* _Description of the task_:
Print nothing except the line holding "this 1345×896 image." and the lines that come after it in the material below, and leave the pictures out.

○ ○ ○

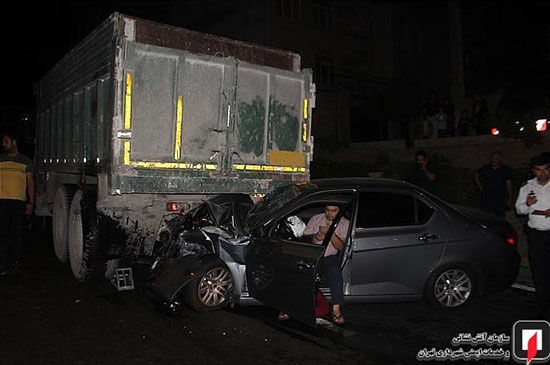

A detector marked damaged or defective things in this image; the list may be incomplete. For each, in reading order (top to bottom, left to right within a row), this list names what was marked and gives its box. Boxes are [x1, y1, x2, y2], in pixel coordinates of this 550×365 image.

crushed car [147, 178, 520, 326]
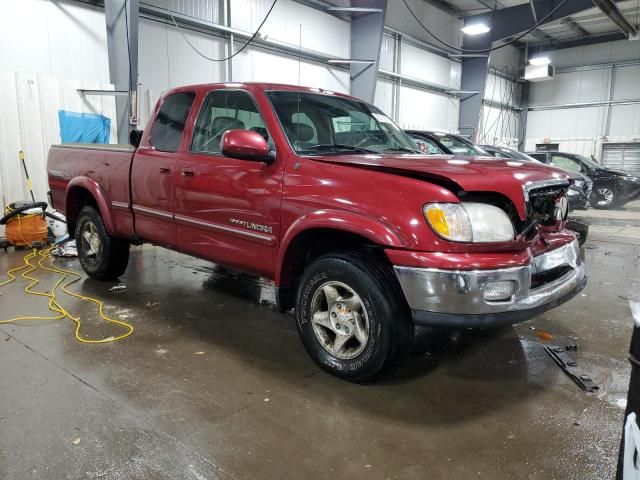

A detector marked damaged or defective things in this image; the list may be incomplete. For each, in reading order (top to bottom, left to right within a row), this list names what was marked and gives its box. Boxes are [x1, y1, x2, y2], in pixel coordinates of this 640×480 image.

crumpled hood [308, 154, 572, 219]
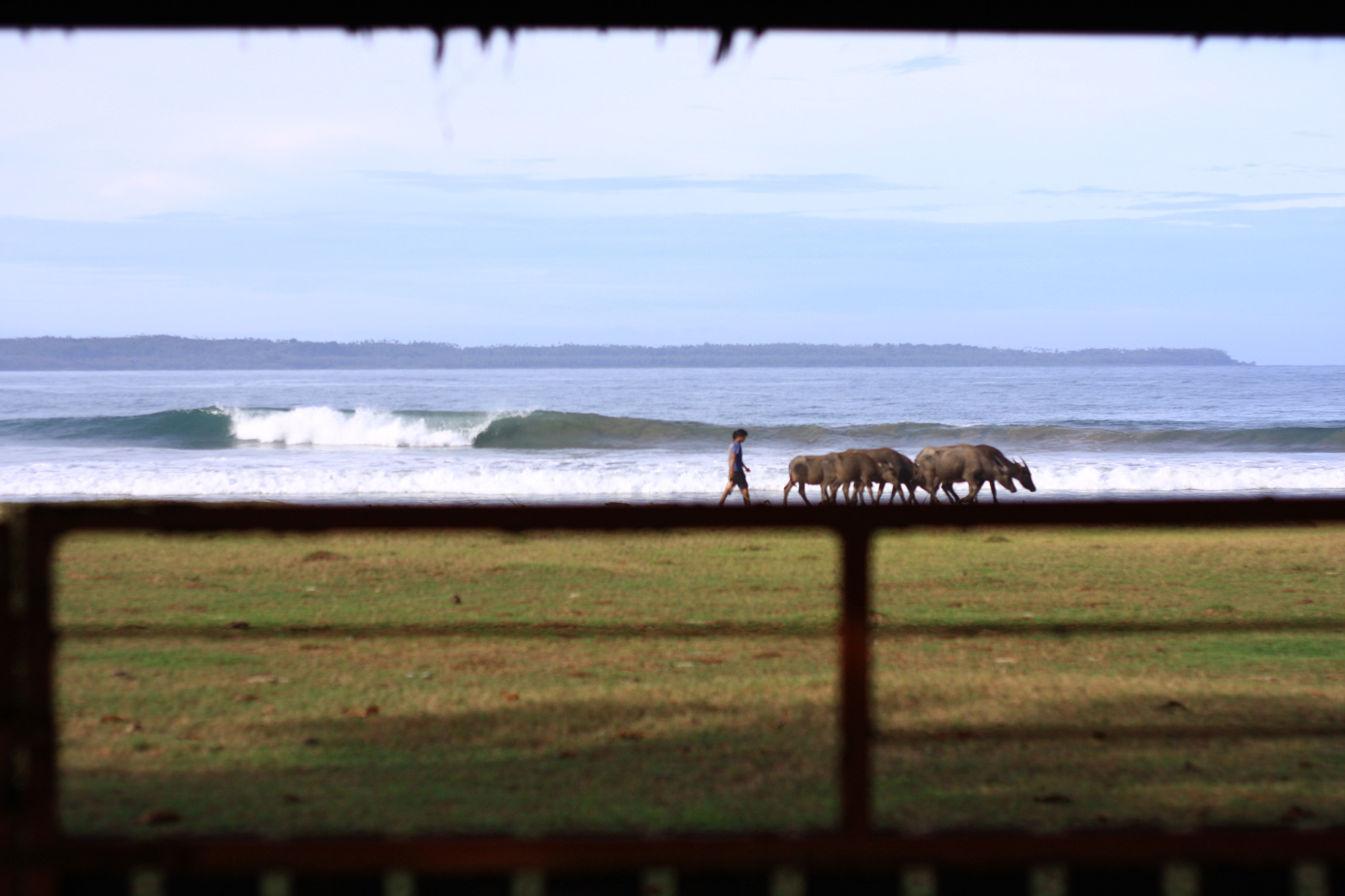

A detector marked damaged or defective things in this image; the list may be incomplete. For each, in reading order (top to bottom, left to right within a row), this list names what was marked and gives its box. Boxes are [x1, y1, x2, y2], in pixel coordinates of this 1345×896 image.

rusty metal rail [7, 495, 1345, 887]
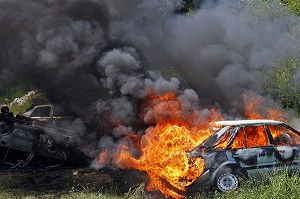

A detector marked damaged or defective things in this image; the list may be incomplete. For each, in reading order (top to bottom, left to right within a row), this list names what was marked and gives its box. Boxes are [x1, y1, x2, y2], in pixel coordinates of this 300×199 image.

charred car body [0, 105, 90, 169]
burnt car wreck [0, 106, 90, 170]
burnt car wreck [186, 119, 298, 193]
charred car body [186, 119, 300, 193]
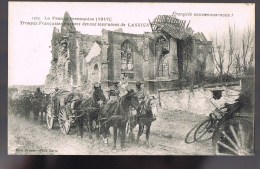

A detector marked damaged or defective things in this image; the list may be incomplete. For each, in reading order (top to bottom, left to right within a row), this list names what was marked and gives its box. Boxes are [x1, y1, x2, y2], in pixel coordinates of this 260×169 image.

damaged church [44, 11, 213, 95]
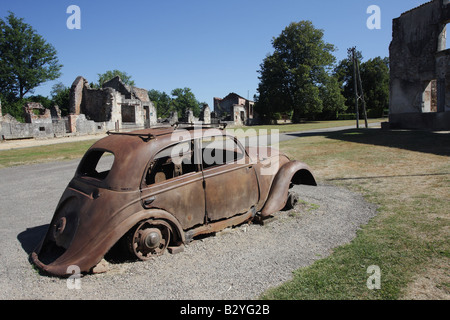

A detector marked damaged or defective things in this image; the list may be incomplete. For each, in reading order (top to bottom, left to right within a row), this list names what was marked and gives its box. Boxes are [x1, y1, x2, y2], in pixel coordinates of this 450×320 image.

○ ○ ○

* _Answer box_:
A detector marked damaged or defective things in this image; the list may be incomplete. For each, in reading order (top to bottom, left to right within a row), this list names what was marked and gives its box. Boxes are [x1, y1, x2, y2], in pixel coordinates of this 1345×896 image.

rusty metal rail [7, 495, 1345, 887]

A detector marked damaged or defective things in this image; the list may be incomplete. For each, in reading order (top to bottom, left to right within a row), this list names what was marked and gives its box. Boxes are [x1, y1, x2, y2], in pixel coordinates of this 300×199 image.

charred car body [0, 105, 90, 169]
burnt car wreck [0, 106, 90, 170]
burnt car wreck [186, 119, 298, 193]
charred car body [186, 119, 300, 193]

A detector marked damaged or defective things in this image; the list may be incomplete. For each, in reading order (top to bottom, left to right within a row), this list names what was marked and gives its box. Boxes are [x1, y1, x2, y2], in pixel coordinates of this 260×169 image.

damaged church [44, 11, 213, 95]

A detector marked damaged or defective things in this image; the list may be incomplete. For each, in reading order (top to bottom, left to right within a row), this list names what was marked and gives its box. Boxes are [x1, y1, x2, y2], in pixel coordinates of this 450×320 image.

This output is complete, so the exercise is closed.